En entrevista asegura que el tema de expectativa sobre el etiquetado se debe discutir, evaluar, cimentar y preguntarnos hasta dónde queremos llegar con esto, además, tenemos que revisar la evidencia.

En el mundo no hay otra referencia como la que se pretende en México más que en Chile, cuando nos vamos a los datos, aprendemos varias cosas:

Primero, que efectivamente, en el corto plazo se tuvo una reducción en la compra, pero esto fue sólo alrededor de dos o tres meses, cuando se analizó un año de historia 80% de las categorías recuperaron su volumen de producción, es decir, se recuperó el consumo.

Otra cosa aprendida es que las góndolas se llenaron de sellos y con sellos en tantos productos, ya no se discrimina y por lo tanto ya no funciona, “es tan estricto, que al final todos los productos van a tener uno”.

Después, los fabricantes intentaron reformular, pero los productos al usar sustitutos ya no tuvieron el mismo sabor ni consistencia, ya no era el mismo producto. Para la industria, esta no fue la respuesta.

Desde el punto de vista de Ghirardelly, el etiquetado busca incidir en los productos con más altos niveles de azúcar; sin embargo, para estos productos no será ninguna sorpresa que contengan el sello y no habrá ningún nivel de afectación, por ejemplo, “un helado que está al extremo de las calorías, ya sabemos que las contiene y de todas maneras nos lo comemos porque estamos buscando placer”. Los alimentos en los que sí tienen impacto, dijo, serán aquellos donde se tiene un concepto de muy saludable, esos productos si decepcionan cuando aparece un sello.

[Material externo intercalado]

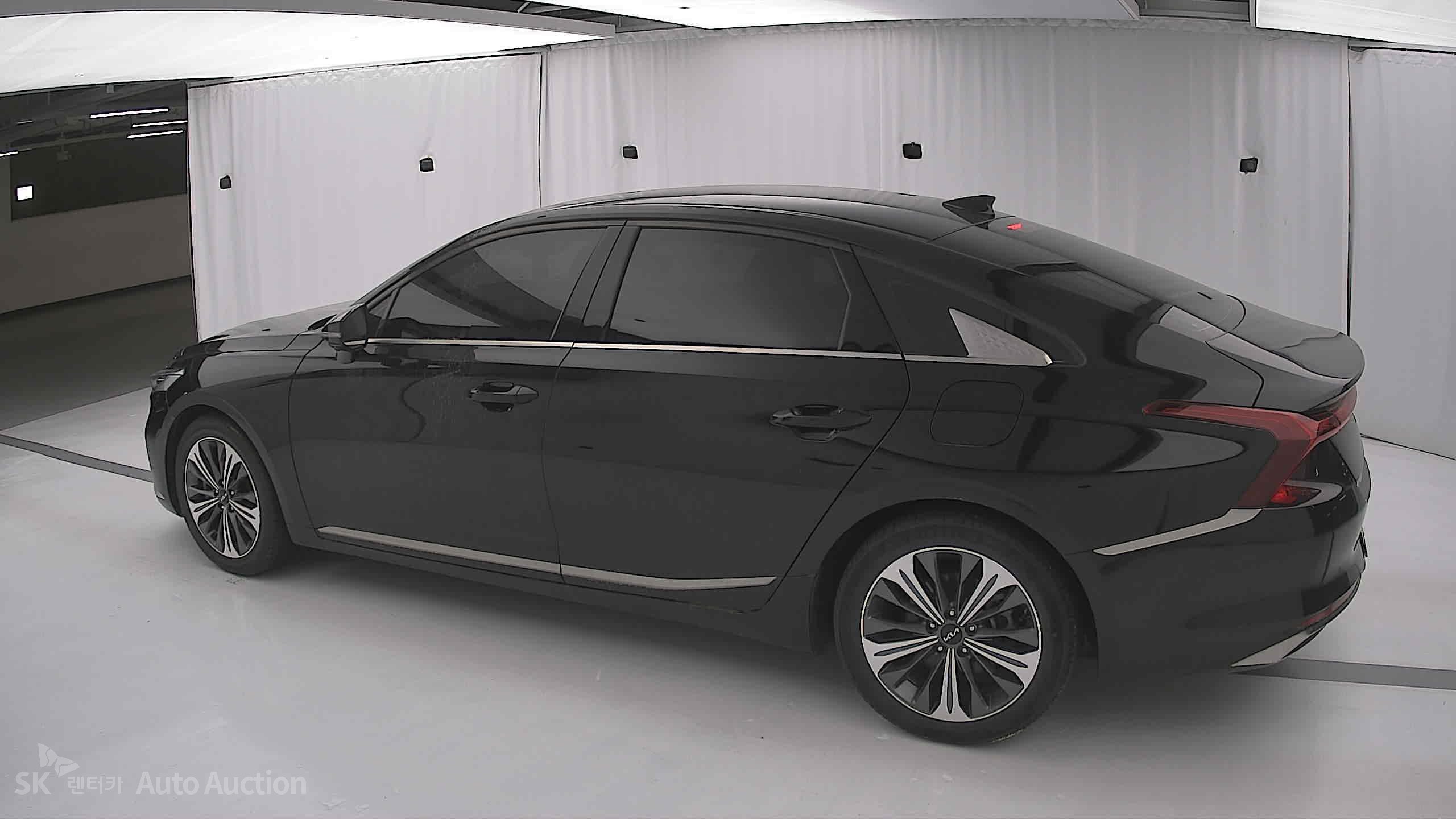 2023 - kia k8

Finalmente, aseguró que informar siempre será bueno y ciertamente el etiquetado como lo concebimos hoy no aporta nada, “la mirada de comunicar mejor me parece que es la correcta y debería ser la esencia del proyecto, de ahí a creer que esto generará un cambio de hábito radical en México y por lo tanto, resolver temas de salud es llevar esto muy lejos y me parece pretensioso”.

Concluyó que para tener un verdadero cambio debe haber acciones de educación, actividad física, fomento de la cultura del movimiento y otras estrategias que vayan de la mano.